A proposta é a nova tendência de festa no Brasil. Mas enquanto em São Paulo uma Bus Party começou a circular este ano com capacidade para 40 pessoas, o ônibus de Belém, bi-articulado, acomoda até 100 pessoas.
“Nossa ideia é promover encontro, diálogos e festas. Até porque é supermoderno essa coisa de festa móvel. Vamos sair de São Brás às 22h do dia 31 e já começar a festa dentro do ônibus, com reggae e música eletrônica. A segunda parada é em uma lanchonete da Visconde de Souza Franco. De lá, seguimos para a Estação das Docas. A partir daí a proposta é curtir um pouco as comemorações no Portal da Amazônia e começar a manhã do primeiro dia de 2015 com um delicioso banho de igarapé no Parque dos Igarapés”, explica Viviane Menna Barreto, organizadora do evento.
A modernidade da proposta não está apenas em ser uma festa itinerante, dentro de um ônibus diferente, mas também por ser feita através de financiamento coletivo, e por integrar personagens do mundo virtual à comemoração.
“Queríamos uma festa feita para quem não vai viajar e pensei primeiro em reunir apenas familiares e amigos, mas depois a criatividade foi nos munindo de ideias: o financiamento coletivo, a integração com as pessoas do canal Youtube com Farinha, que batizaram a festa, e do curta ‘Encantada do Brega’, que toparam participar do evento, e claro, tocar a trilha sonora do filme no ônibus para todo mundo dançar”, completa Viviane.
Esta não é a primeira festa que Viviane organiza dentro de um ônibus. Até a festa de 15 anos de sua filha foi dentro do coletivo. “Já é a terceira festa que a gente se faz nesse ônibus. Acho muito bacana a iniciativa do Locoreggae de cruzar o Brasil inteiro com esse ônibus, mapeando cultura do reggae. E enquanto ele estiver na cidade, temos que aproveitar. Já o utilizamos para ligar todos os palcos da Virada Cultural e depois eu fiz a festa surpresa de 15 anos da minha filha dentro dele. Fui buscá-la junto com as amigas na escola e comemoramos dentro do ônibus”, relembra.

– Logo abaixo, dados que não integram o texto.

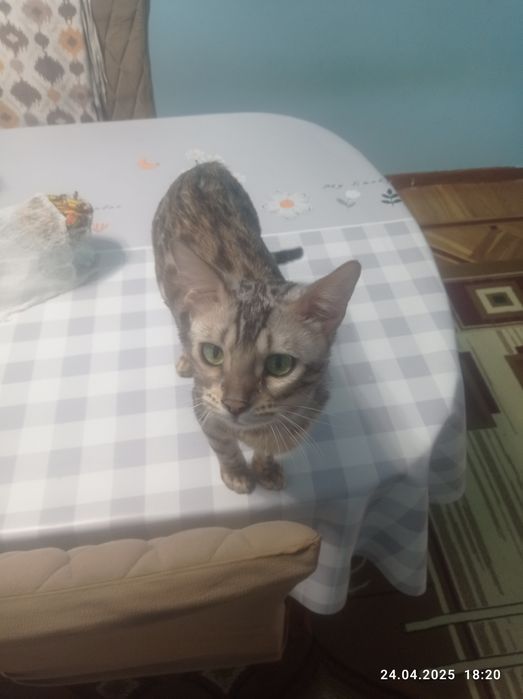 Бенгальский кошка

Para ela, o ônibus é um meio de comunicação, porque liga diversos pontos da cidade e por isso deve ser explorado. “É, sim, uma tendência fazer festas nos ônibus por causa dessa questão da itinerância. É um espaço de comunicação que se locomove e integra experiências. Temos que cada vez mais nos adaptar a esses modelos de gestão coletiva inaugurados pelas novas tecnologias. Na nossa festa, todos podem dar ideias e sugestões. A programação não é fechada, e apesar da limitação de vagas, cem pessoas no ônibus, a festa está aberta ao público enquanto tivermos vagas disponíveis”, explica Viviane.

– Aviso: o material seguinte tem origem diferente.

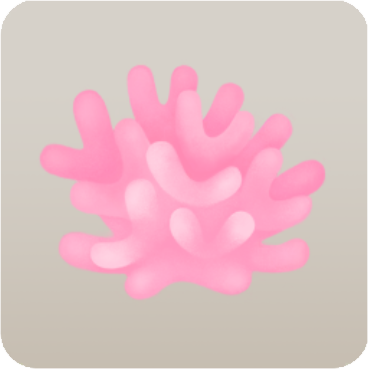 薄ピンク色の珊瑚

Para quem decidir participar desse réveillon diferente,o veículo é climatizado, montado como uma superboate itinerante, dividida em duas pistas de dança. A festa vai ser animada por música ao vivo, com a banda Jah Mind e participação de Gina Lobrista. Também com música eletrônica, comandada pelos DJs W-ill Love, da Gang do Eletro, e Sky George.
“Hoje em dia todas as grandes capitais pensam o réveillon com muito carinho e falta algo mais descolado em Belém, que fuja do convencional. Estamos fazendo essa experiência de mobilização”, finaliza Viviane.